(What this task involves): Could you copy exactly the lines below, beginning at the line with "Appartement Martianez Con" and stopping after the line with "Oval Standard Escutcheon", with no pictures?

Task data START

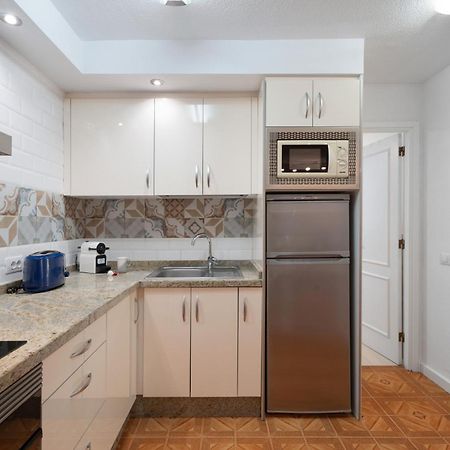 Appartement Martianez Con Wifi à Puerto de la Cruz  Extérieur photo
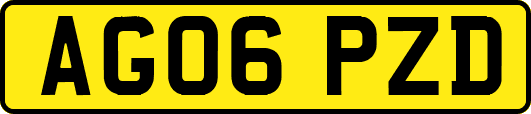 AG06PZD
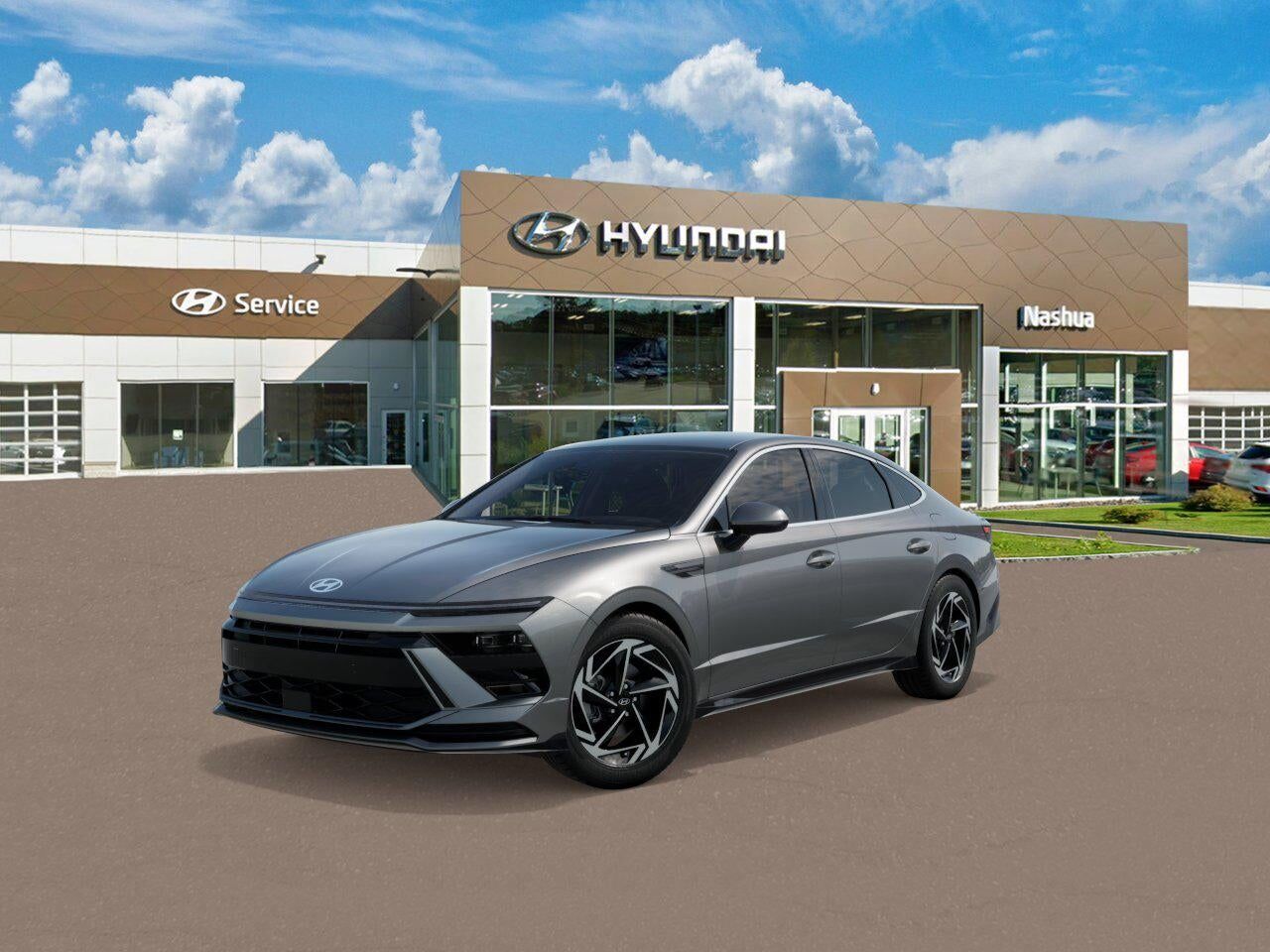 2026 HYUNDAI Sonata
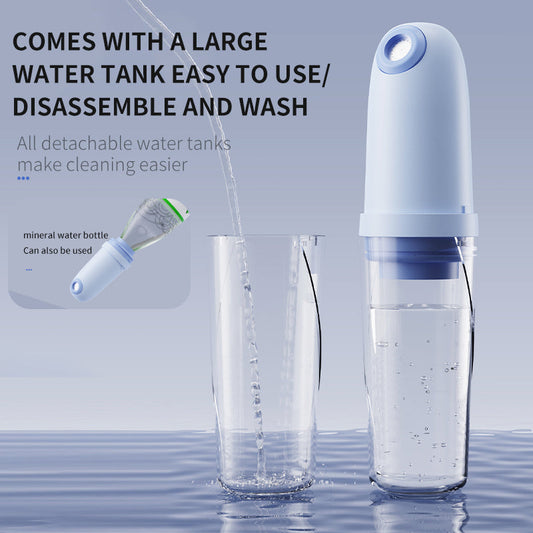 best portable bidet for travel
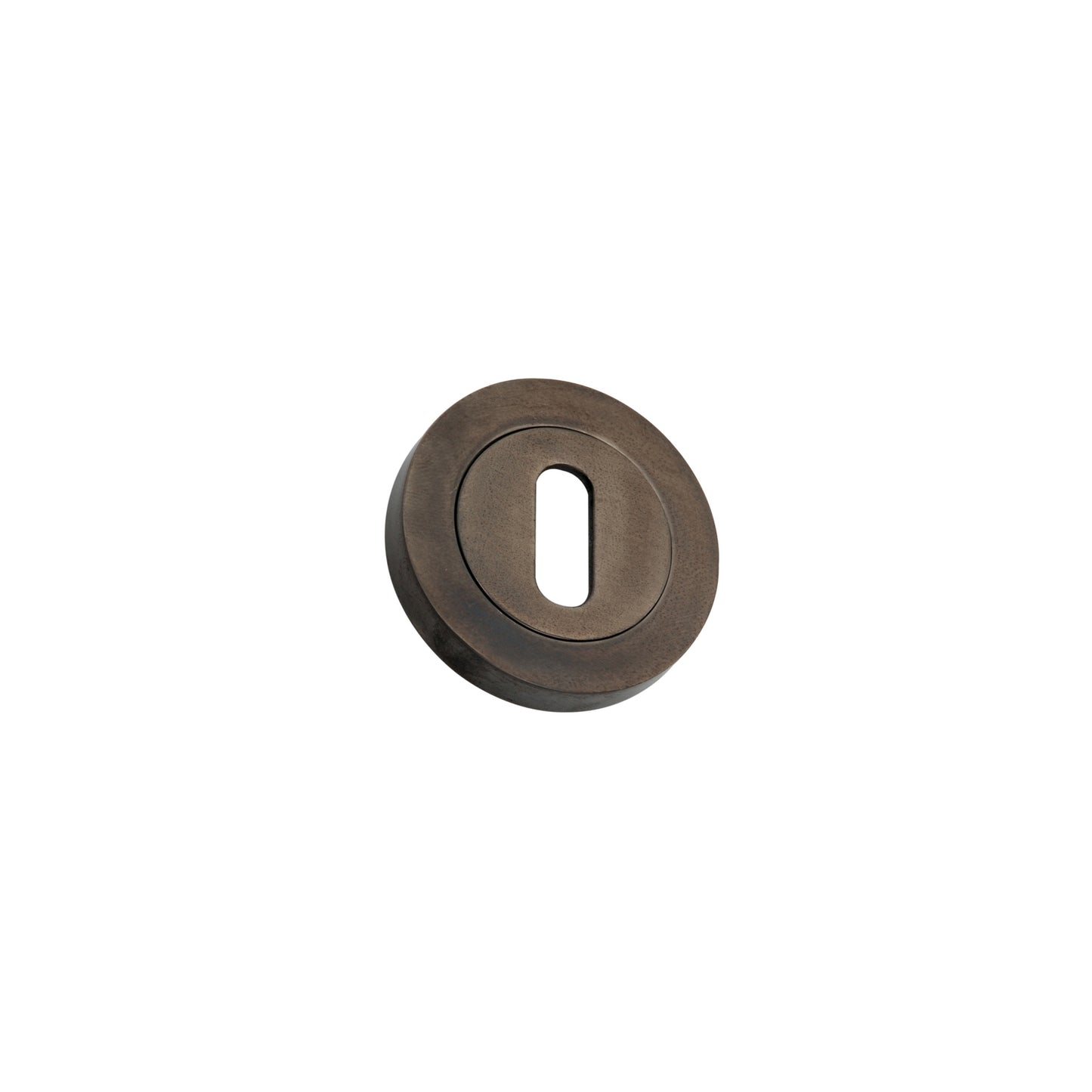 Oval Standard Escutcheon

Task data END
Task data START

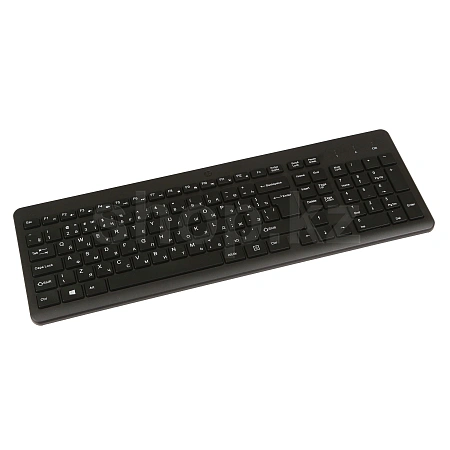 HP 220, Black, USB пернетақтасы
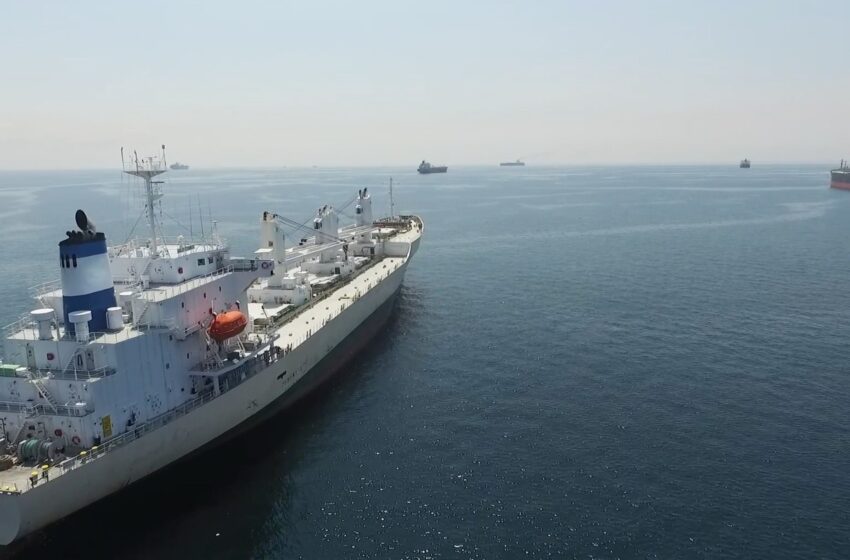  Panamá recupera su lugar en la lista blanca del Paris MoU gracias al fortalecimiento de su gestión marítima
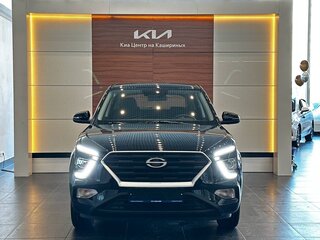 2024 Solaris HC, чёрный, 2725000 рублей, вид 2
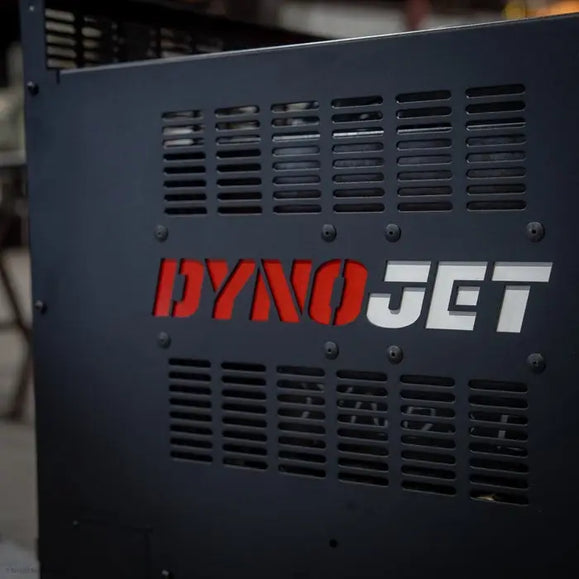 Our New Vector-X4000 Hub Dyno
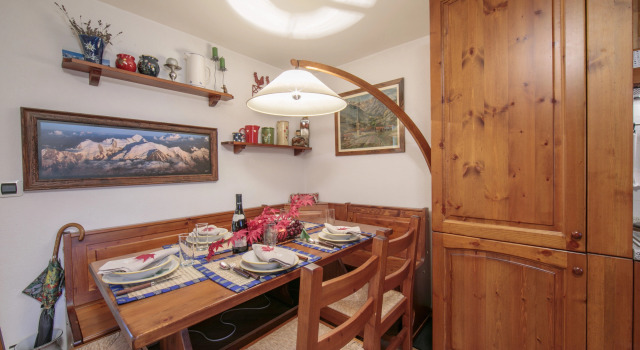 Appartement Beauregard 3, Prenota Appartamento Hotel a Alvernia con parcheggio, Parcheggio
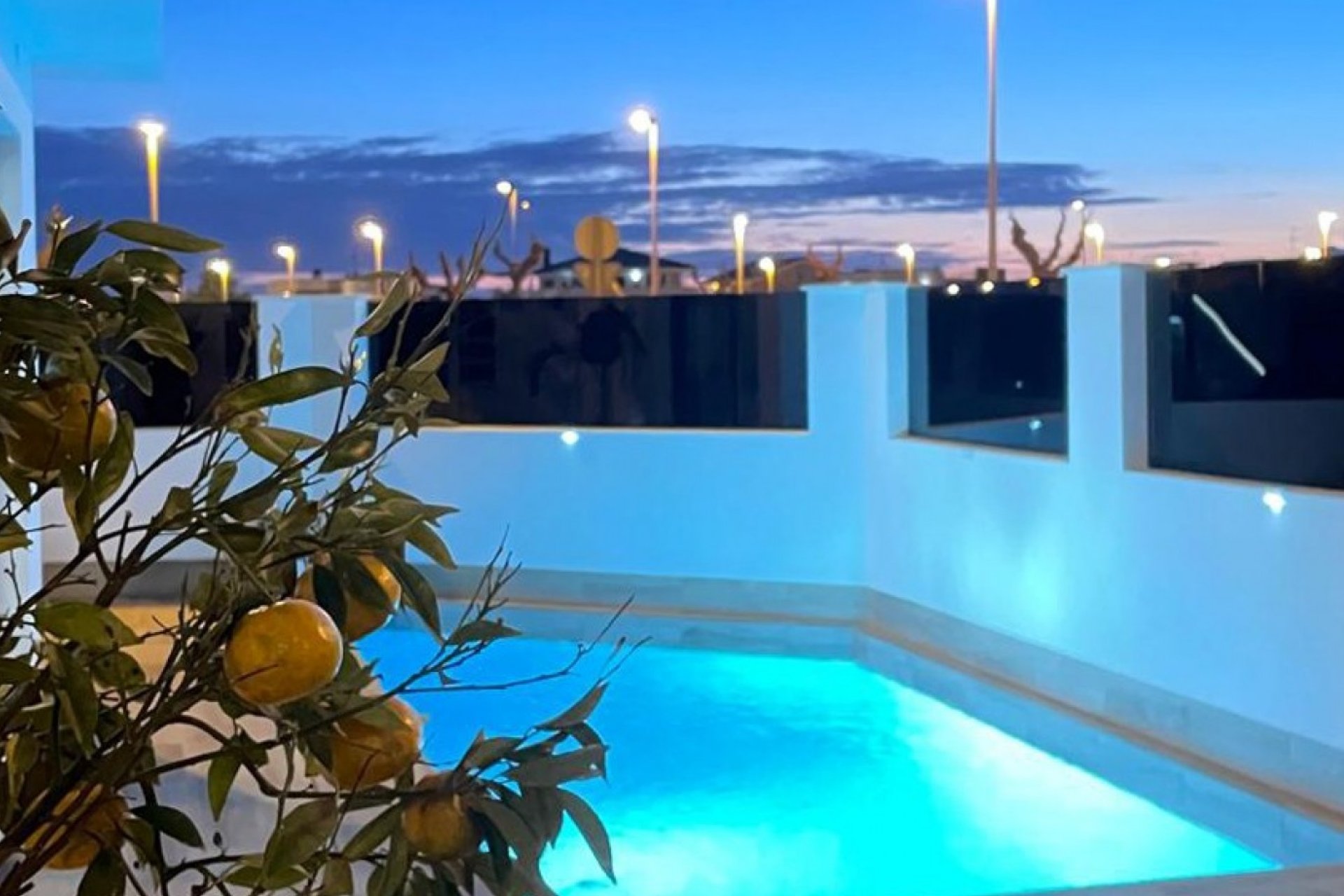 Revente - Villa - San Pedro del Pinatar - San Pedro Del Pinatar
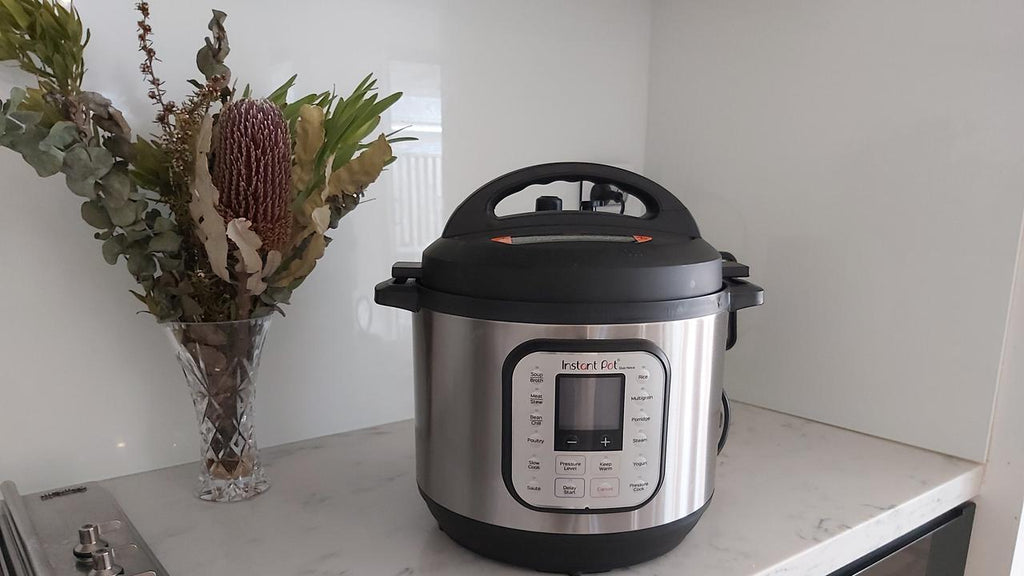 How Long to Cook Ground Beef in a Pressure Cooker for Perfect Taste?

Task data END

(Exercise output):
 Appartement Martianez Con Wifi à Puerto de la Cruz  Extérieur photo
 AG06PZD
 2026 HYUNDAI Sonata
 best portable bidet for travel
 Oval Standard Escutcheon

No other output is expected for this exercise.